The task>
Please set down the data word for word; images do not go in the copy.

Exercise materials>
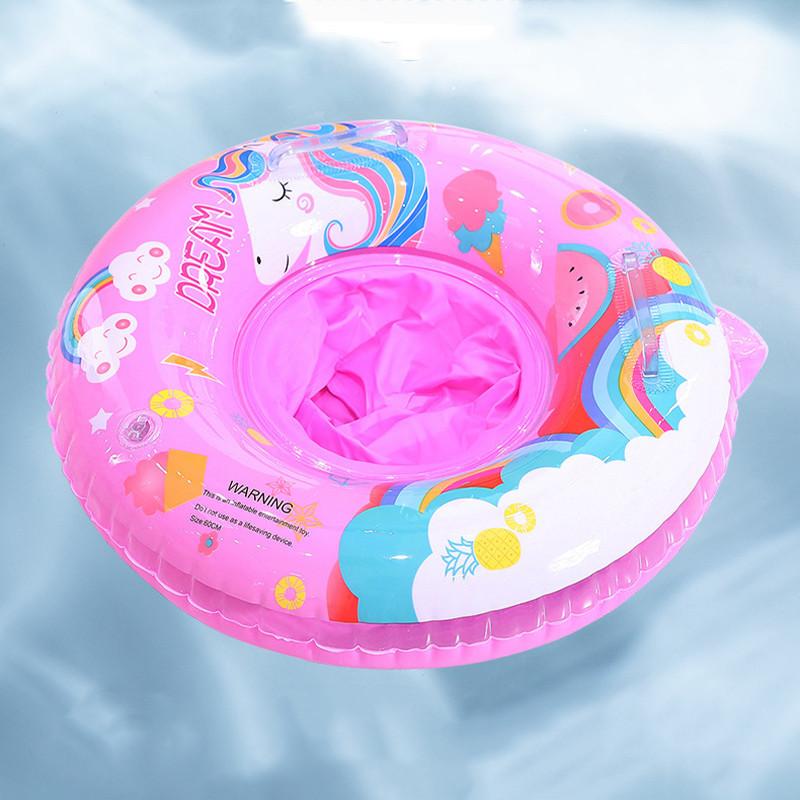 Childrens Cartoon Unicorn With Pants Pocket Inflatable Swimming Ring Water Toy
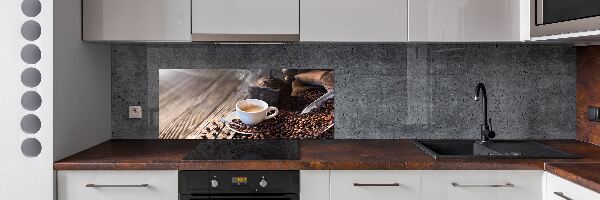 Panel de pared de cocina Café de la mañana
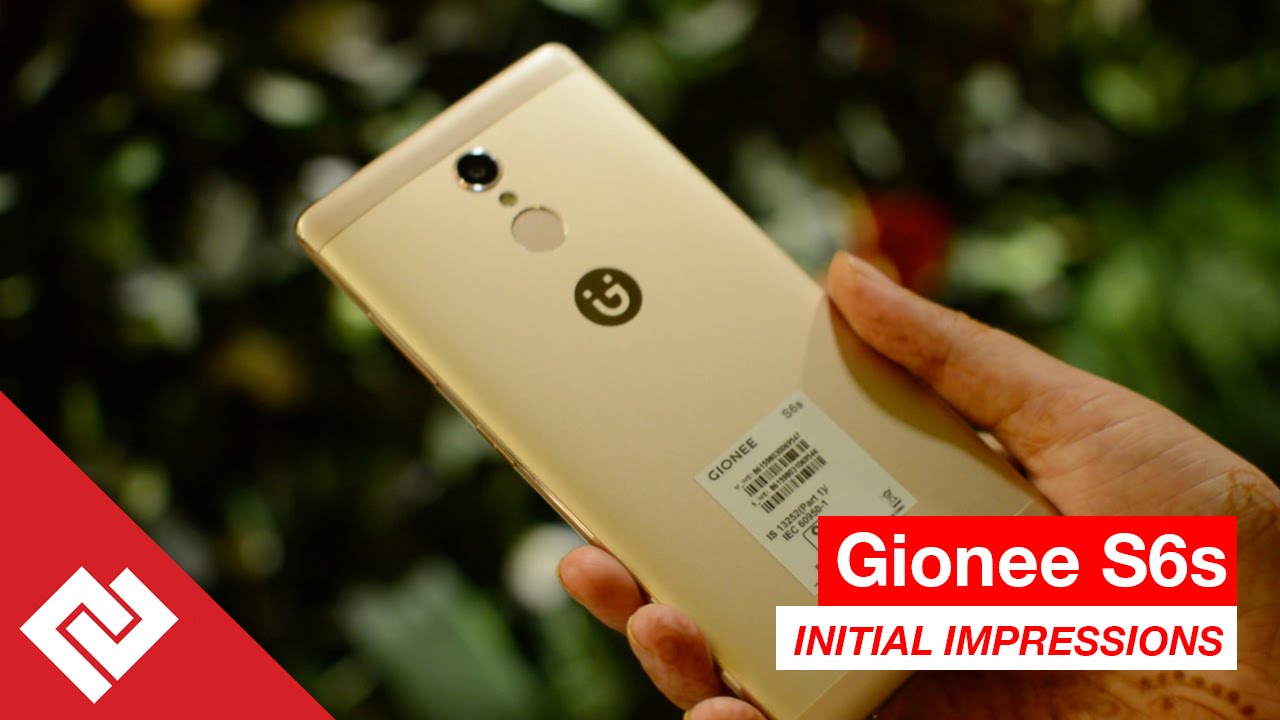 Gionee S6s First Look: Features, Specs & Price - YouTube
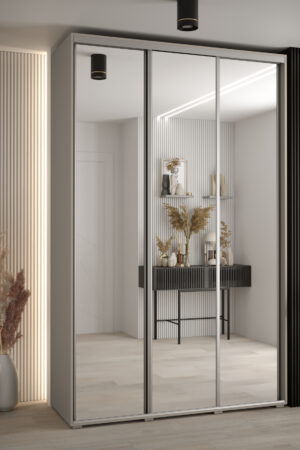 Šatní skříň Dakota 2 v kašmírové barvě se zrcadlem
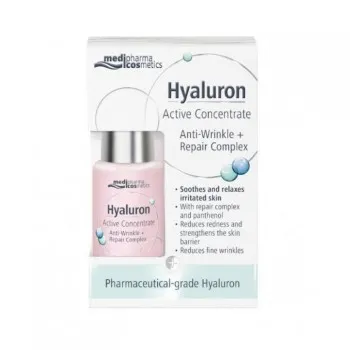 MEDIPHARMA HYALURON aktivni koncentrat protiv bora+obnova oštećenu kožu, 13ml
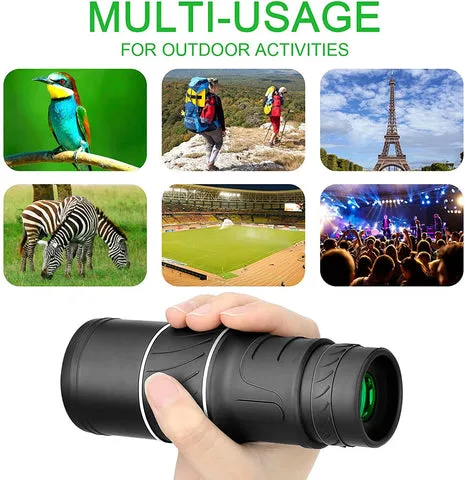 16x52 Bifocal Monocular Telescope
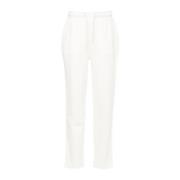 Witte katoenen sweatpants Emporio Armani , White , Dames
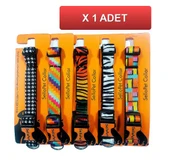 Sellopet Yumuşak Orta Boy Köpek  Boyun Tasması Karışık Renk 1 ADET thumbnail 1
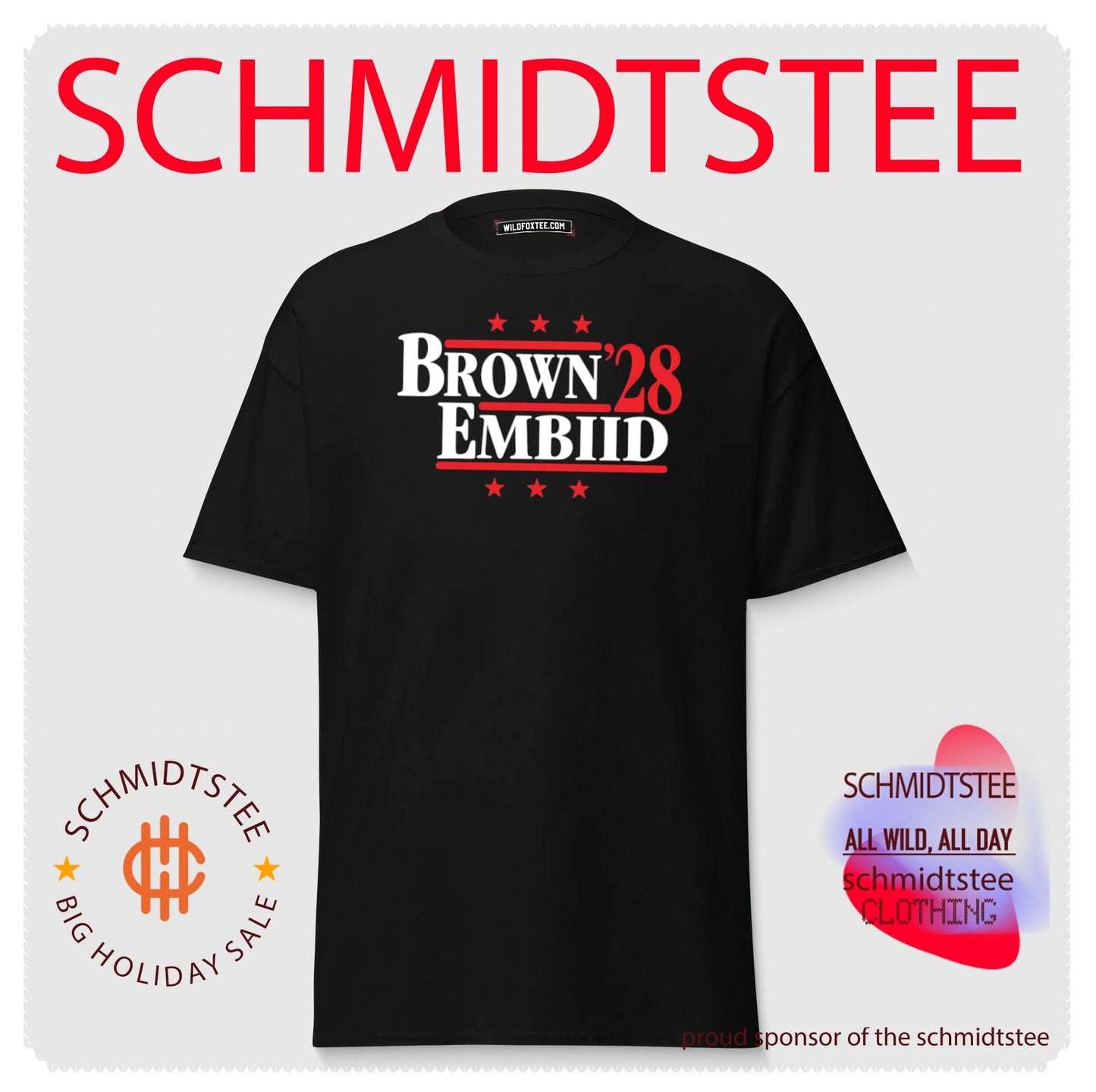 Brown and Embiid ’28 Philadelphia 76ers shirt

Task output>
 Childrens Cartoon Unicorn With Pants Pocket Inflatable Swimming Ring Water Toy
 Panel de pared de cocina Café de la mañana
 Gionee S6s First Look: Features, Specs & Price - YouTube
 Šatní skříň Dakota 2 v kašmírové barvě se zrcadlem
 MEDIPHARMA HYALURON aktivni koncentrat protiv bora+obnova oštećenu kožu, 13ml
 16x52 Bifocal Monocular Telescope
 Witte katoenen sweatpants Emporio Armani , White , Dames
 Sellopet Yumuşak Orta Boy Köpek  Boyun Tasması Karışık Renk 1 ADET thumbnail 1
 Brown and Embiid ’28 Philadelphia 76ers shirt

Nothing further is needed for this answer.